Na urina, é possível encontrar açúcares e corpos de proteínas de cetona. A glucosúria, ou açúcar na urina, ocorre quando o denominado limiar renal de 150 a 180 mg/dl no sangue é excedido. Acima dos valores apresentados, os rins perdem a capacidade de filtrar o açúcar para fora da urina, uma vez que os transportadores de açúcar já se encontram totalmente carregados.

Os corpos de cetona são subprodutos da queima de gordura, que aparecem quando ocorre uma deficiência de carboidratos. O diabetes mellitus apresenta enriquecimento do sangue com açúcar, contudo, em razão da falta de insulina ou de sua deficiência, o açúcar não pode ser absorvido pelas células, havendo uma deficiência relativa de carboidratos.

As proteínas na urina aparecem quando a função de filtragem dos rins é restrita, ocorrendo a presença de albumina de plasma na urina. Dependendo da quantidade de proteínas, pode ser diagnosticada a microalbuminúria ou a macroalbuminúria.

A microalbuminúria caracteriza a nefropatia diabética, com a presença de 30 a 300 mg de albumina em coleta de 24 horas, e 20 a 200 mg de albumina por litro em situações normais. A macroalbuminúria está relacionada à excreção de albumina em valores acima de 300 mg/dia.

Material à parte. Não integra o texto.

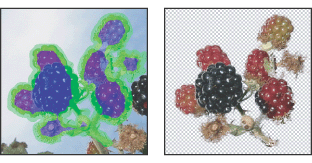 Selected area highlighted and filled, and extracted object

O teste oral de tolerância à glicose (OGTT) fornece clareza

O teste de glicemia em jejum é crucial para determina a presença de diabetes mellitus, sendo tão importante como o teste de tolerância à glicose oral. O teste de tolerância à glicose oral, no entanto, não é tão recomendado na rotina dos exames clínicos, já que é comparativamente mais demorado e mais caro.

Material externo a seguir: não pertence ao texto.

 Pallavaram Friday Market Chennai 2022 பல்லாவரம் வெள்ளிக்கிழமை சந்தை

O OGTT é utilizado principalmente em casos de pouca evidência, sendo o teste padrão para diagnóstico de diabetes gestacional em mulheres grávidas entre 24 a 28 semanas.

A avaliação do teste é similar à avaliação da glicemia plasmática em jejum, apresentando resultados diagnosticados como saudável, tolerância ou prediabetes de glicose aumentada ou diabetes.

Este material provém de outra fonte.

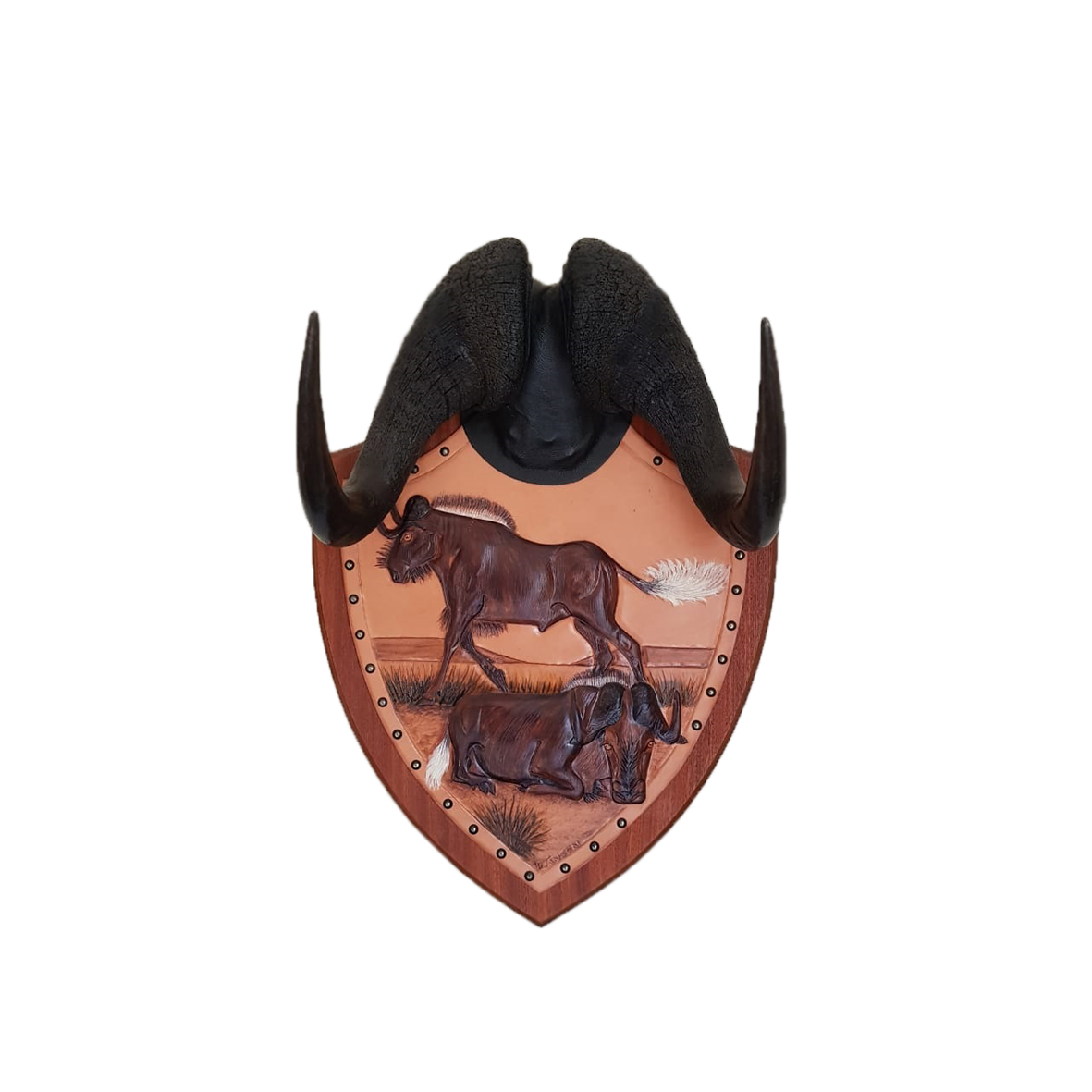 BLACK WILDEBEEST HORNS MOUNT BWHM8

Para o teste de tolerância à glicose oral, a glicemia plasmática em jejum é determinada pela primeira vez após pelo menos 8 horas de jejum. Após o exame, ingere-se 75 mg de glicose e determina-se o seu valor no sangue é novamente duas horas após a administração da substância.

Pessoas saudáveis apresentam valores inferiores a 140 mg/dl. O diabetes pode ser diagnosticado como presente em valores de 200 mg/dl ou mais. Os valores intervenientes apresentam uma tolerância patológica à glicose, devendo o paciente ser observado mais atentamente.